Dataset extract →
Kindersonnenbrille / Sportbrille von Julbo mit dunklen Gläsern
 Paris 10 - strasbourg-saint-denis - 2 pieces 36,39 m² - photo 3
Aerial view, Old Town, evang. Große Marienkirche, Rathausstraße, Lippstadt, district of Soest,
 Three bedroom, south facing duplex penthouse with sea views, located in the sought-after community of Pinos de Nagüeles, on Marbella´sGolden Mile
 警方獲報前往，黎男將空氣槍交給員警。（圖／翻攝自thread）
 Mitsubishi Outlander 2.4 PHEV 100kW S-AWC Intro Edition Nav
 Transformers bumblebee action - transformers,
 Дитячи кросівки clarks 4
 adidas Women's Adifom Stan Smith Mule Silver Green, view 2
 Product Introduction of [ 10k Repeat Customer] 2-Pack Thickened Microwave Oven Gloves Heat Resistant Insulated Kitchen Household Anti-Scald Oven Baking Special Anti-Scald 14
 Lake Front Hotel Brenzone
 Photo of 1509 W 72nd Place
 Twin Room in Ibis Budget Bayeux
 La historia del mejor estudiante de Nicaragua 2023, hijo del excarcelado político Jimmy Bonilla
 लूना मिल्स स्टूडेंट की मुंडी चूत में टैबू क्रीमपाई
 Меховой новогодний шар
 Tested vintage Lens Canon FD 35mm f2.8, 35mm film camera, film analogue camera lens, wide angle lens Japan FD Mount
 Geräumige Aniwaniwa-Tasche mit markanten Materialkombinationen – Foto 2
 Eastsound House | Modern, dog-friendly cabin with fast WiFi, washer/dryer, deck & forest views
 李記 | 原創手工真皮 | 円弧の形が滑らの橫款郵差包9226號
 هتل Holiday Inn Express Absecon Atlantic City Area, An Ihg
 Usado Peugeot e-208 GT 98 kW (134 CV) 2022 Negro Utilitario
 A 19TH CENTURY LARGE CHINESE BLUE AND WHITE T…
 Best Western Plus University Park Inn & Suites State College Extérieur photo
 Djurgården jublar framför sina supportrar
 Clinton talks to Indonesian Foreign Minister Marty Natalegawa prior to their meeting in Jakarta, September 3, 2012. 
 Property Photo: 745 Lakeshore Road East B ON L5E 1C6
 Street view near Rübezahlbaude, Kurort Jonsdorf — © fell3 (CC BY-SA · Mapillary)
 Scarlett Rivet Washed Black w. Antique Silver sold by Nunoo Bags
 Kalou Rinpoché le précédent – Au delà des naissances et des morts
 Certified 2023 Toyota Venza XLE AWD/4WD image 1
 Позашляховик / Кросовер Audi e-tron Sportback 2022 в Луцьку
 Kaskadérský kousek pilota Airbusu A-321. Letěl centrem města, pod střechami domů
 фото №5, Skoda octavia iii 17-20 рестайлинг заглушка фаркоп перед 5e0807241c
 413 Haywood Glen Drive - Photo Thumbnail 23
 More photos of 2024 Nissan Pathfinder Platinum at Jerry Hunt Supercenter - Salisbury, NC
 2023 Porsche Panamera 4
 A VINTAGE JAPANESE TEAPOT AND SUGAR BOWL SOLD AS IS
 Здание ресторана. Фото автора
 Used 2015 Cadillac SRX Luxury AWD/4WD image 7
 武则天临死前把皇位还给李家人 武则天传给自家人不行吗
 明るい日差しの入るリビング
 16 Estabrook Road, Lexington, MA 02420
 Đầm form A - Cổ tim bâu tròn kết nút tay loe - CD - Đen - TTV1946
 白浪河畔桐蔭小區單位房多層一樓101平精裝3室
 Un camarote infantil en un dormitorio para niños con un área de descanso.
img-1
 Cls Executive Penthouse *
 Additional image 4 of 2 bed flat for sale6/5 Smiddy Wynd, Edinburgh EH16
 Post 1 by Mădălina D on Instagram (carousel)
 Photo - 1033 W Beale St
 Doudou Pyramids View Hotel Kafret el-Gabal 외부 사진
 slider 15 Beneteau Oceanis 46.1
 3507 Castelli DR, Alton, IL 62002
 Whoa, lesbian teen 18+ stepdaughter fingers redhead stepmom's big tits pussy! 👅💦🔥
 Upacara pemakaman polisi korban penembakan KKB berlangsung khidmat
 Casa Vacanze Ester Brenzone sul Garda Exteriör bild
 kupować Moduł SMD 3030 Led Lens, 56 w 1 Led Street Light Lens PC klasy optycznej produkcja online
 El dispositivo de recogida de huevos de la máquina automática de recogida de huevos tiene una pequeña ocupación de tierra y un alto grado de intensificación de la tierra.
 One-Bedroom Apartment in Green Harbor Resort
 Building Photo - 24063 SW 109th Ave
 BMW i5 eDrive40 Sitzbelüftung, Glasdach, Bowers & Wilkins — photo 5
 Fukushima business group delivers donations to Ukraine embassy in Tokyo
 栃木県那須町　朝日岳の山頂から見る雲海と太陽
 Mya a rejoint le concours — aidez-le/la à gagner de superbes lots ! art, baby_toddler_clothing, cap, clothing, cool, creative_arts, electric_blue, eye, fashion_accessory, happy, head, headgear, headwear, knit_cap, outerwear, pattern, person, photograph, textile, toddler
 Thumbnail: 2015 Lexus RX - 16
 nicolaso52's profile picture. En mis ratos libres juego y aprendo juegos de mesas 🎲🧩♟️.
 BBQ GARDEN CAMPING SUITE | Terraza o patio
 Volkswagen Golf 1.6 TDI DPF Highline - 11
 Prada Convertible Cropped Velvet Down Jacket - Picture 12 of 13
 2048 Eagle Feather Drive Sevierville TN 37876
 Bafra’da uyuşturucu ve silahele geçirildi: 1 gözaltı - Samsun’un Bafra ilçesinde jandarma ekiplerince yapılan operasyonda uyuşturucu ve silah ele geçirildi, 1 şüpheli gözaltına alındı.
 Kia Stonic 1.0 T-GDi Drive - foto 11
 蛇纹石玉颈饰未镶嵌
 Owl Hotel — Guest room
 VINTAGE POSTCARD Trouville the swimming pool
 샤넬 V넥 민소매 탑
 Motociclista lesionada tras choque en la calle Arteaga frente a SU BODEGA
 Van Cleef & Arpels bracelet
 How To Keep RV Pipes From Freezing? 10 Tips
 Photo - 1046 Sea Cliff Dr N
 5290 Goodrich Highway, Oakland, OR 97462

Try it → After reading the data above, return it verbatim in full.

Reply →
Kindersonnenbrille / Sportbrille von Julbo mit dunklen Gläsern
 Paris 10 - strasbourg-saint-denis - 2 pieces 36,39 m² - photo 3
Aerial view, Old Town, evang. Große Marienkirche, Rathausstraße, Lippstadt, district of Soest,
 Three bedroom, south facing duplex penthouse with sea views, located in the sought-after community of Pinos de Nagüeles, on Marbella´sGolden Mile
 警方獲報前往，黎男將空氣槍交給員警。（圖／翻攝自thread）
 Mitsubishi Outlander 2.4 PHEV 100kW S-AWC Intro Edition Nav
 Transformers bumblebee action - transformers,
 Дитячи кросівки clarks 4
 adidas Women's Adifom Stan Smith Mule Silver Green, view 2
 Product Introduction of [ 10k Repeat Customer] 2-Pack Thickened Microwave Oven Gloves Heat Resistant Insulated Kitchen Household Anti-Scald Oven Baking Special Anti-Scald 14
 Lake Front Hotel Brenzone
 Photo of 1509 W 72nd Place
 Twin Room in Ibis Budget Bayeux
 La historia del mejor estudiante de Nicaragua 2023, hijo del excarcelado político Jimmy Bonilla
 लूना मिल्स स्टूडेंट की मुंडी चूत में टैबू क्रीमपाई
 Меховой новогодний шар
 Tested vintage Lens Canon FD 35mm f2.8, 35mm film camera, film analogue camera lens, wide angle lens Japan FD Mount
 Geräumige Aniwaniwa-Tasche mit markanten Materialkombinationen – Foto 2
 Eastsound House | Modern, dog-friendly cabin with fast WiFi, washer/dryer, deck & forest views
 李記 | 原創手工真皮 | 円弧の形が滑らの橫款郵差包9226號
 هتل Holiday Inn Express Absecon Atlantic City Area, An Ihg
 Usado Peugeot e-208 GT 98 kW (134 CV) 2022 Negro Utilitario
 A 19TH CENTURY LARGE CHINESE BLUE AND WHITE T…
 Best Western Plus University Park Inn & Suites State College Extérieur photo
 Djurgården jublar framför sina supportrar
 Clinton talks to Indonesian Foreign Minister Marty Natalegawa prior to their meeting in Jakarta, September 3, 2012. 
 Property Photo: 745 Lakeshore Road East B ON L5E 1C6
 Street view near Rübezahlbaude, Kurort Jonsdorf — © fell3 (CC BY-SA · Mapillary)
 Scarlett Rivet Washed Black w. Antique Silver sold by Nunoo Bags
 Kalou Rinpoché le précédent – Au delà des naissances et des morts
 Certified 2023 Toyota Venza XLE AWD/4WD image 1
 Позашляховик / Кросовер Audi e-tron Sportback 2022 в Луцьку
 Kaskadérský kousek pilota Airbusu A-321. Letěl centrem města, pod střechami domů
 фото №5, Skoda octavia iii 17-20 рестайлинг заглушка фаркоп перед 5e0807241c
 413 Haywood Glen Drive - Photo Thumbnail 23
 More photos of 2024 Nissan Pathfinder Platinum at Jerry Hunt Supercenter - Salisbury, NC
 2023 Porsche Panamera 4
 A VINTAGE JAPANESE TEAPOT AND SUGAR BOWL SOLD AS IS
 Здание ресторана. Фото автора
 Used 2015 Cadillac SRX Luxury AWD/4WD image 7
 武则天临死前把皇位还给李家人 武则天传给自家人不行吗
 明るい日差しの入るリビング
 16 Estabrook Road, Lexington, MA 02420
 Đầm form A - Cổ tim bâu tròn kết nút tay loe - CD - Đen - TTV1946
 白浪河畔桐蔭小區單位房多層一樓101平精裝3室
 Un camarote infantil en un dormitorio para niños con un área de descanso.
img-1
 Cls Executive Penthouse *
 Additional image 4 of 2 bed flat for sale6/5 Smiddy Wynd, Edinburgh EH16
 Post 1 by Mădălina D on Instagram (carousel)
 Photo - 1033 W Beale St
 Doudou Pyramids View Hotel Kafret el-Gabal 외부 사진
 slider 15 Beneteau Oceanis 46.1
 3507 Castelli DR, Alton, IL 62002
 Whoa, lesbian teen 18+ stepdaughter fingers redhead stepmom's big tits pussy! 👅💦🔥
 Upacara pemakaman polisi korban penembakan KKB berlangsung khidmat
 Casa Vacanze Ester Brenzone sul Garda Exteriör bild
 kupować Moduł SMD 3030 Led Lens, 56 w 1 Led Street Light Lens PC klasy optycznej produkcja online
 El dispositivo de recogida de huevos de la máquina automática de recogida de huevos tiene una pequeña ocupación de tierra y un alto grado de intensificación de la tierra.
 One-Bedroom Apartment in Green Harbor Resort
 Building Photo - 24063 SW 109th Ave
 BMW i5 eDrive40 Sitzbelüftung, Glasdach, Bowers & Wilkins — photo 5
 Fukushima business group delivers donations to Ukraine embassy in Tokyo
 栃木県那須町　朝日岳の山頂から見る雲海と太陽
 Mya a rejoint le concours — aidez-le/la à gagner de superbes lots ! art, baby_toddler_clothing, cap, clothing, cool, creative_arts, electric_blue, eye, fashion_accessory, happy, head, headgear, headwear, knit_cap, outerwear, pattern, person, photograph, textile, toddler
 Thumbnail: 2015 Lexus RX - 16
 nicolaso52's profile picture. En mis ratos libres juego y aprendo juegos de mesas 🎲🧩♟️.
 BBQ GARDEN CAMPING SUITE | Terraza o patio
 Volkswagen Golf 1.6 TDI DPF Highline - 11
 Prada Convertible Cropped Velvet Down Jacket - Picture 12 of 13
 2048 Eagle Feather Drive Sevierville TN 37876
 Bafra’da uyuşturucu ve silahele geçirildi: 1 gözaltı - Samsun’un Bafra ilçesinde jandarma ekiplerince yapılan operasyonda uyuşturucu ve silah ele geçirildi, 1 şüpheli gözaltına alındı.
 Kia Stonic 1.0 T-GDi Drive - foto 11
 蛇纹石玉颈饰未镶嵌
 Owl Hotel — Guest room
 VINTAGE POSTCARD Trouville the swimming pool
 샤넬 V넥 민소매 탑
 Motociclista lesionada tras choque en la calle Arteaga frente a SU BODEGA
 Van Cleef & Arpels bracelet
 How To Keep RV Pipes From Freezing? 10 Tips
 Photo - 1046 Sea Cliff Dr N
 5290 Goodrich Highway, Oakland, OR 97462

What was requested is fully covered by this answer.